We spoke to Alan Wiesenhahn of Wiesenhahn Insurance Agency in Land O’ Lakes, Florida, about how rates are determined. He stressed that insurance is such a personal affair that your rates might not demonstrate the same relative cost from state-to-state that Insure.com's list indicates.

"A carrier could have 250 different factors for deciding how much to charge you," he said, "and not even agents will know them all. But lists like this are difficult to judge because there are companies that are looking at your credit as the first factor when deciding what your rate should be."

Remember when we said Insure.com's buyer had good credit? This is why that's important. If you don't have good credit and you're looking for insurance, getting a quote from a carrier that uses your Experian number as a first test can blow your premium into another corner of the galaxy for reasons you weren't expecting.

"Other factors," said Wiesenhahn, "might not even have anything to do with you. We're in a somewhat rural area, but our rates are relatively high for where we are because there are only two roads in and two roads out. That means more traffic and more chances for accidents. That's a factor. There's a carrier here selling policies with lower premiums in order to increase market share. That has nothing to do with you, but it will affect what you pay."?

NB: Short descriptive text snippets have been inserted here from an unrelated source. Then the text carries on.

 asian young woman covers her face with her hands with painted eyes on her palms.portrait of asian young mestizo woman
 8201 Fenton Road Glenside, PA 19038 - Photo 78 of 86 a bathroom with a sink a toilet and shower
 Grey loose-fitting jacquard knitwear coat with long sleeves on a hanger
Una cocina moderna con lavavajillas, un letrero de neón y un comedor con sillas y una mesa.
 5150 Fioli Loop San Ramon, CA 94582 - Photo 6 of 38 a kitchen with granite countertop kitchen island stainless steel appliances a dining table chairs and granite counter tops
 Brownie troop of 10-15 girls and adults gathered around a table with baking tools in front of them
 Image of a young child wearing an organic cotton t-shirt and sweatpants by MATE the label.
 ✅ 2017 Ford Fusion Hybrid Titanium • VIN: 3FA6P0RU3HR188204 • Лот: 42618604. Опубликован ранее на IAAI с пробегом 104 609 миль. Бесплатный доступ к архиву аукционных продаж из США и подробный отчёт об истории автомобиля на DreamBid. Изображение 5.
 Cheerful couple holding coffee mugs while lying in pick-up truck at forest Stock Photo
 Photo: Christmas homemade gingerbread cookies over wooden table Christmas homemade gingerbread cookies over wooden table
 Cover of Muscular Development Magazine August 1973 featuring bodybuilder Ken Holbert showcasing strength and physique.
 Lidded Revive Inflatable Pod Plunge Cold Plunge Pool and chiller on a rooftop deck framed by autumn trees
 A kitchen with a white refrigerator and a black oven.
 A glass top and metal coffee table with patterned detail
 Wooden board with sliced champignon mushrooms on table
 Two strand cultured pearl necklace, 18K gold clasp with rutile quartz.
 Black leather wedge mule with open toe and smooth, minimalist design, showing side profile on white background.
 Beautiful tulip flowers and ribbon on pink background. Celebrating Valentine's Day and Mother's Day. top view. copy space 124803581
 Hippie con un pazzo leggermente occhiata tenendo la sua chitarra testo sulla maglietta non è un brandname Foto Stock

When it comes to buying car insurance, the only way to know what you'll really pay is to get actual quotes to cover your vehicles with the coverage you want. Every state has an insurance oversight department, and Louisiana's has put together a list of sample rates for an 18-year-old driver in 14 different cities. For the same driver, Automobile Club Family Insurance Company quotes about $2,016 for six months, while Hallmark Insurance quotes $5,189 for the same period.

?As incessant television commercials will attest, a little time with a car insurance comparison-shopping tool can swing your premiums in big ways, both up and down. But at least you can put off moving to Maine, the cheapest state on Insure.com’s list, for a little while longer.